KBOO made the difference?
'It is the difference'

Originally published in Current, March 16, 1998. Photos by Michael Parrish, KBOO.

By Rachel Freed

KBOO is not your typical public radio station. It doesn't air Morning Edition, All Things Considered or Fresh Air. Instead, you'll hear Folk Espresso at 5:30 a.m. or The Old Mole Variety Hour at 9. Other programs include Uncle Mort Presents Rockaholics Anonymous, La Voz Del Barrio and The Tiki Cha Cha Club.

KBOO volunteers produce daily a.m. and p.m. news and public affairs programs, relying heavily on the AP wire and local reporting. The schedule also includes Pacifica News, Democracy Now, Radio Nation and programs from David Barsamian's Alternative Radio Service. According to its Programming Charter, KBOO's mission is to "provide programming to diverse communities and unserved or underserved groups."

With its quirky, community-based schedule, this small grassroots station in Portland, Ore., now finds itself at odds with standard practice for the mainstream of public radio.

The field's experts now tell stations that listeners place a high value on national news and information and the lowest value on locally produced music shows. They suggest that stations like KBOO redesign schedules, focus on one or two formats, and replace volunteers with pros.

The price of running KBOO the way it has been run for 30 years is its federal funding. Since last fall, CPB has put KBOO and five other stations "on probation," and KBOO lost approximately half of its expected $68,000 in grants. KBOO has appealed that decision, but in the meantime is planning schedules changes so that it will meet the new minimum audience levels set by CPB.

The risk has been clear since 1996, when participants in CPB's grant review released a list of about 80 stations whose CSGs would be endangered--the so-called "Dis List." KBOO was on that list.

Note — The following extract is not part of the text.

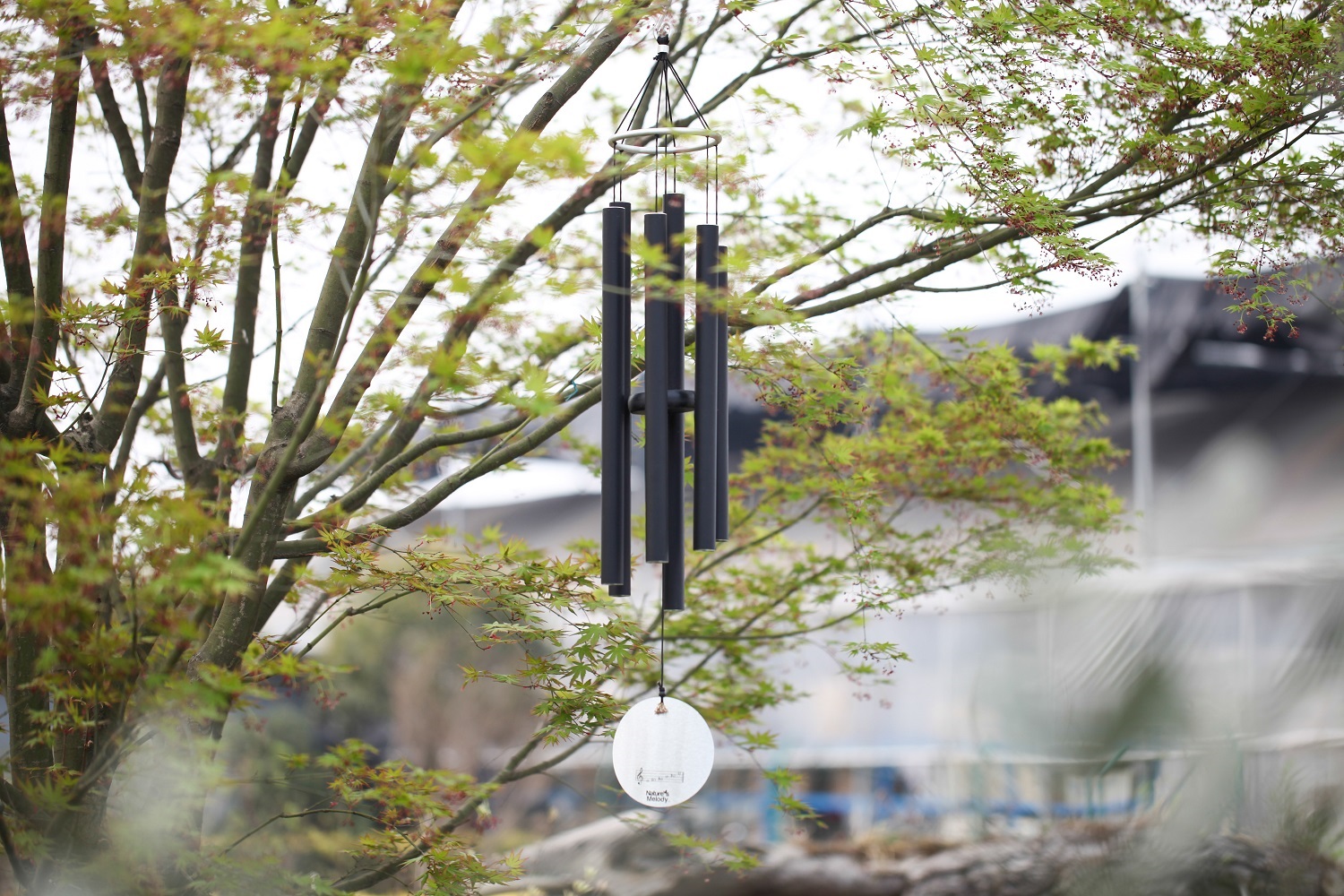 海蒂和噜噜的花园值得推荐吗,海蒂和噜噜的花园打卡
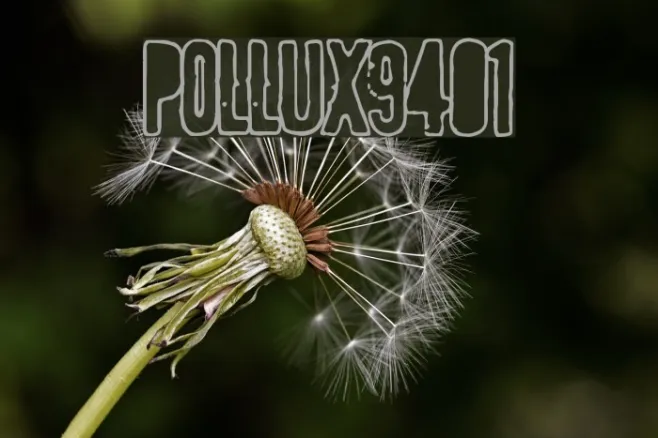 POLLUX9401 Example 3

"It doesn't make sense, but . . ."

KBOO operates from an old converted warehouse painted blue. Across the street stands Portland's funky, innovative Imago Theater. Around the corner is Hippo Hardware, brimming with claw-foot bathtubs. Down the block is the huge, windowless Union Jacks Strip Club.

In terms of individuality, the radio station yields to none of its neighbors. Its call letters, K-"BOO" were chosen because the incorporation papers were signed on Halloween. In its reception area, the station shows off two giant co-ed softball trophies. Volunteers are called "Radioactivists." One of the volunteers does her program, 3-5 a.m., wearing pajamas. E-mail is checked sporadically and phone calls remain unreturned.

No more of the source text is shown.